- [AIM OF THE TASK]: Reproduce exactly the lines of the material beneath, from the line that contains "Lincoln Aviator (Import)" to the line that contains "Casa de 2 Pisos", both included, and no other lines.

Start of GIVEN RECORDS

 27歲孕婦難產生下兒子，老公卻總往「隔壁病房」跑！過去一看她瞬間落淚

End of GIVEN RECORDS
Start of GIVEN RECORDS

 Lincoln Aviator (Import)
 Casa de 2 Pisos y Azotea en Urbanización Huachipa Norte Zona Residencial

End of GIVEN RECORDS
Start of GIVEN RECORDS

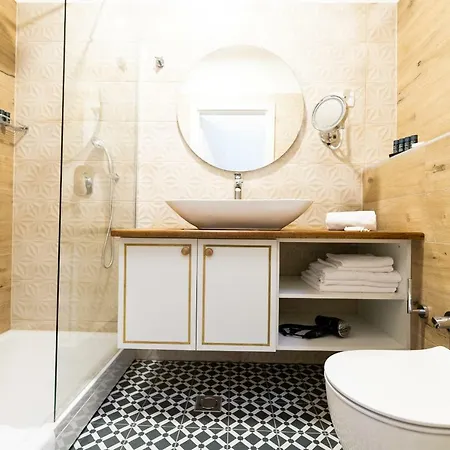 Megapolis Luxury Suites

End of GIVEN RECORDS

- [SOLUTION FOR THIS TASK]:
 Lincoln Aviator (Import)
 Casa de 2 Pisos y Azotea en Urbanización Huachipa Norte Zona Residencial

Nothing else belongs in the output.